**Task requirements**:
Output the span of lines from the one that contains "Toyota Auris Touring Sports" through the end of the records, inclusive, exactly as written and free of pictures.

**Information provided**:
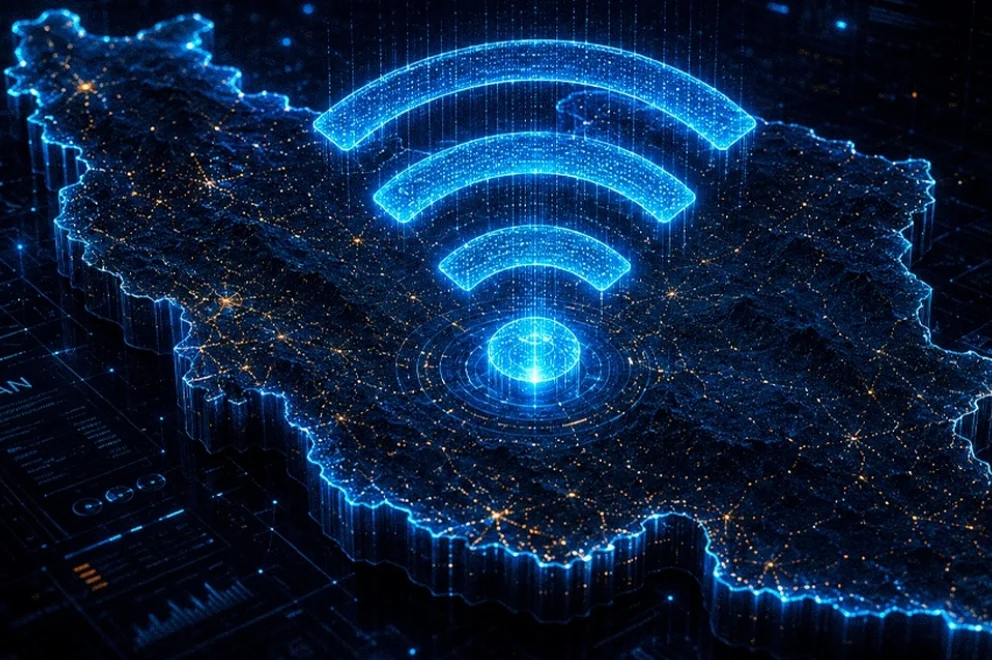جدیدترین خبر وصل شدن اینترنت بین الملل امروز 6 خرداد / اینترنت دوباره قطع می‌شود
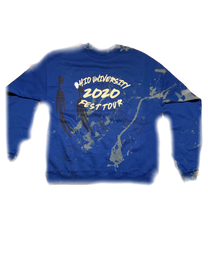 OU Fest Merch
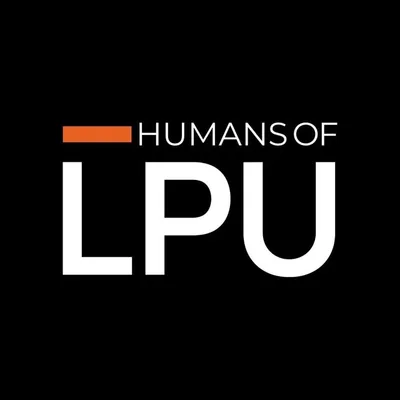 Humans of LPU | #1 LPU Page profile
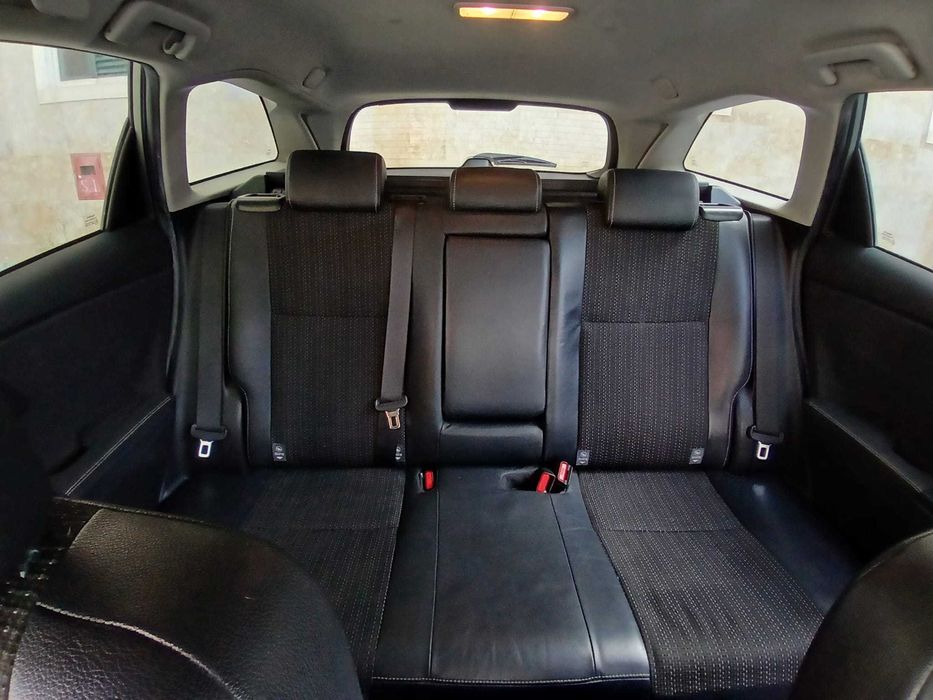Toyota Auris Touring Sports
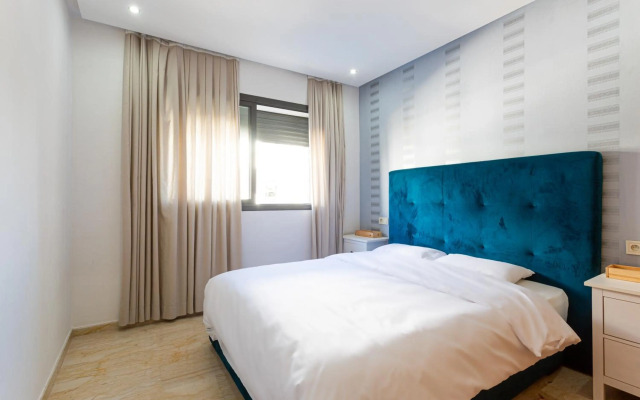 Garden Bay Appart'Hôtel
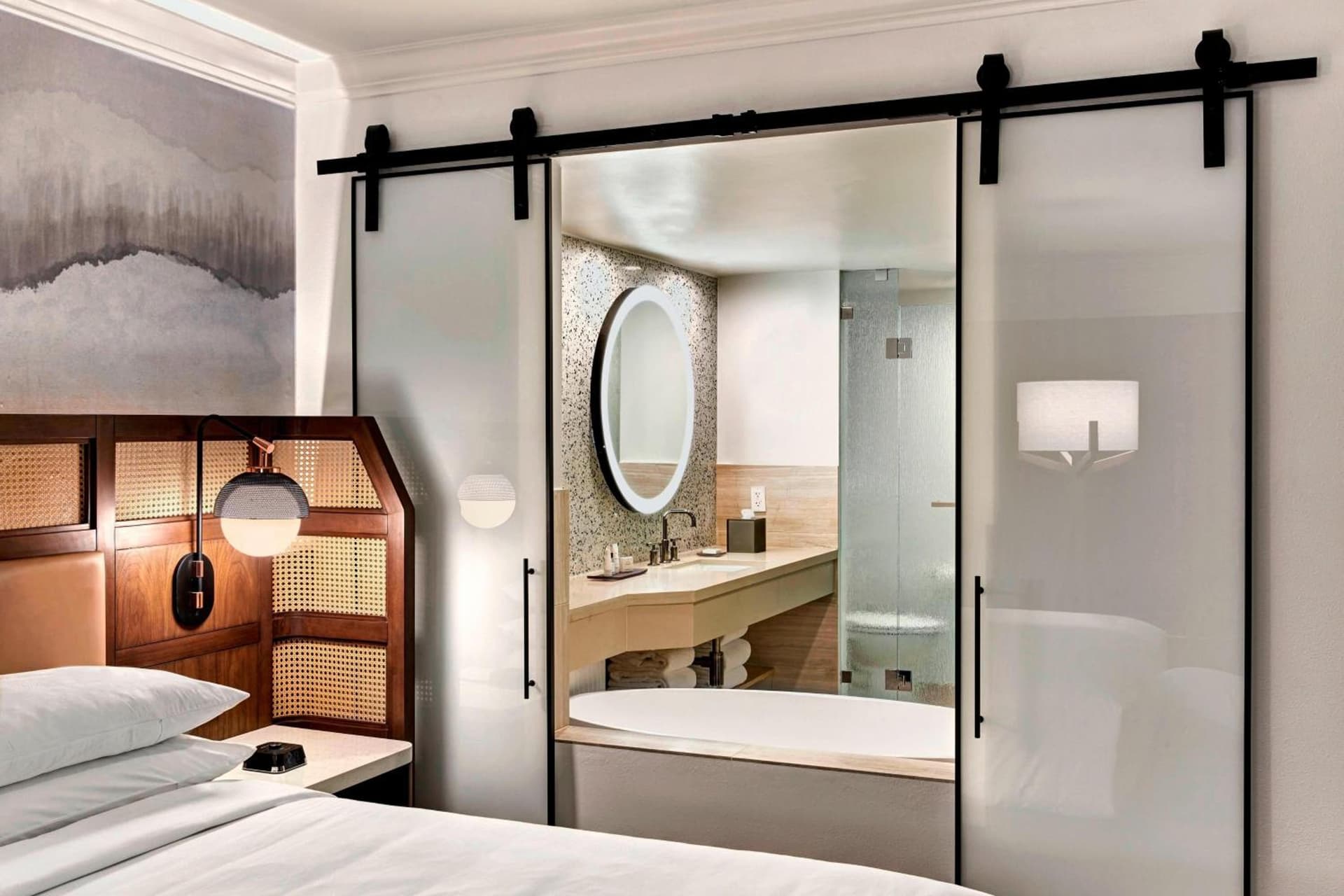 JW Marriott Desert Springs Resort & Spa gallery photo in Palm Desert, CA — image 64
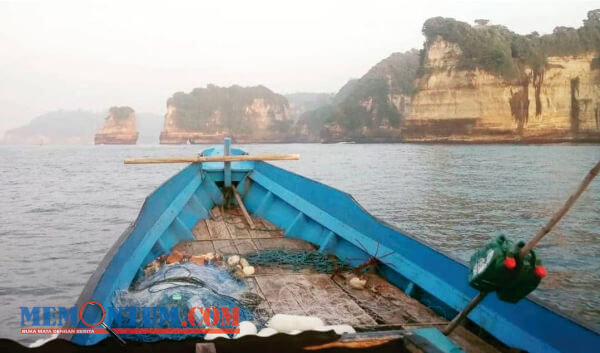 Sulit Peroleh Solar, Nelayan Pantai Selatan Tulunggung Usulkan SPBN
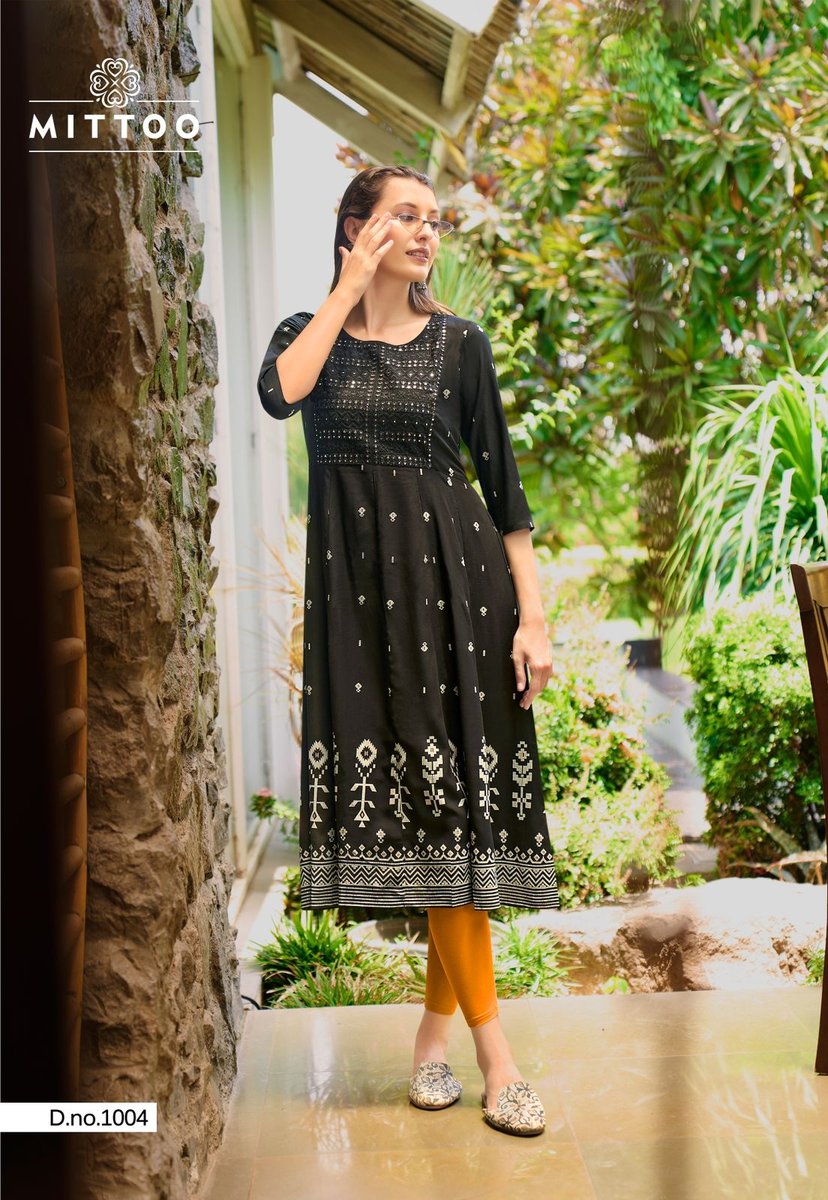 MITTOO ALISHA 1001 TO 1004 4
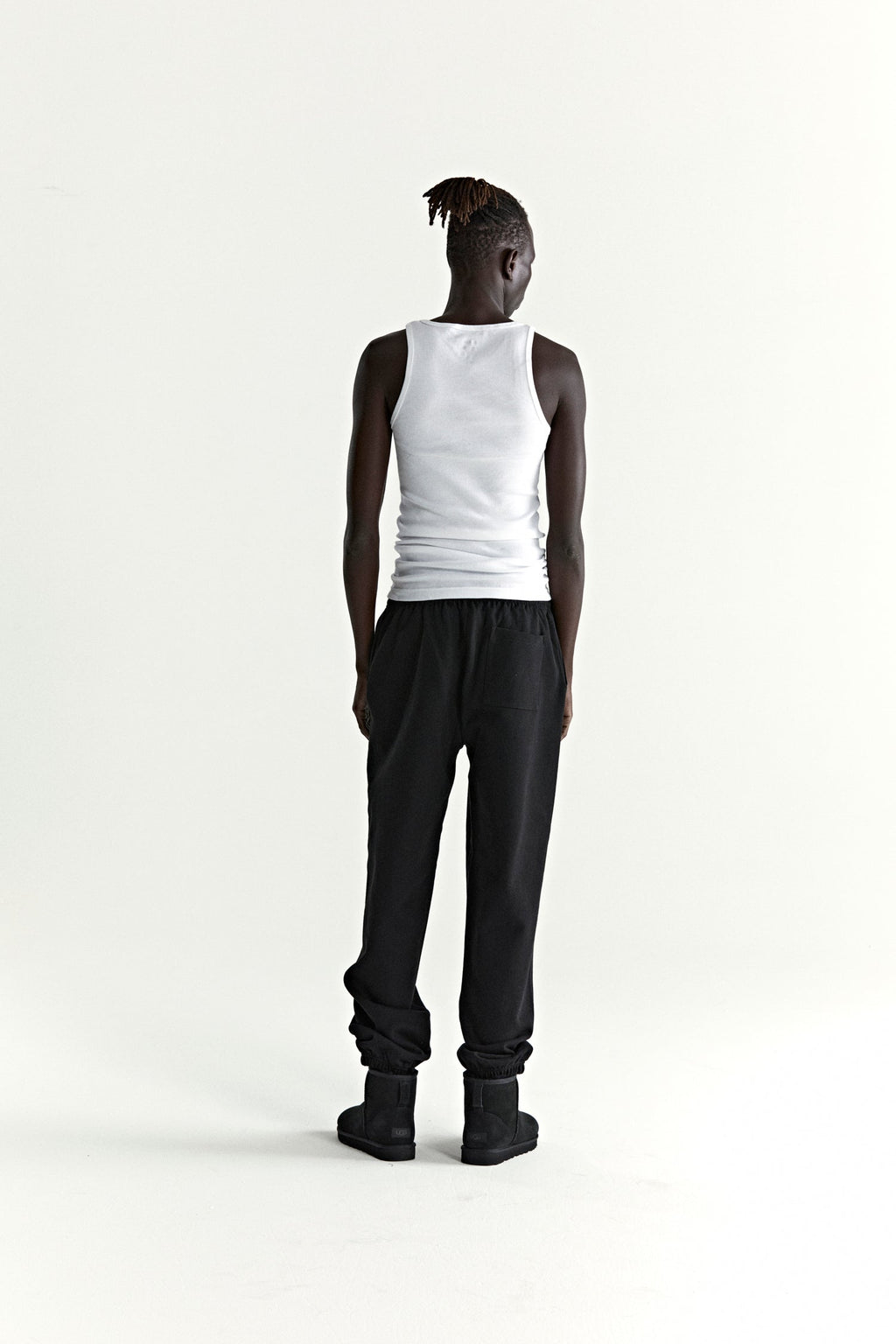 PHANTOM WEB SWEATPANT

**The answer**:
Toyota Auris Touring Sports
 Garden Bay Appart'Hôtel
 JW Marriott Desert Springs Resort & Spa gallery photo in Palm Desert, CA — image 64
 Sulit Peroleh Solar, Nelayan Pantai Selatan Tulunggung Usulkan SPBN
 MITTOO ALISHA 1001 TO 1004 4
 PHANTOM WEB SWEATPANT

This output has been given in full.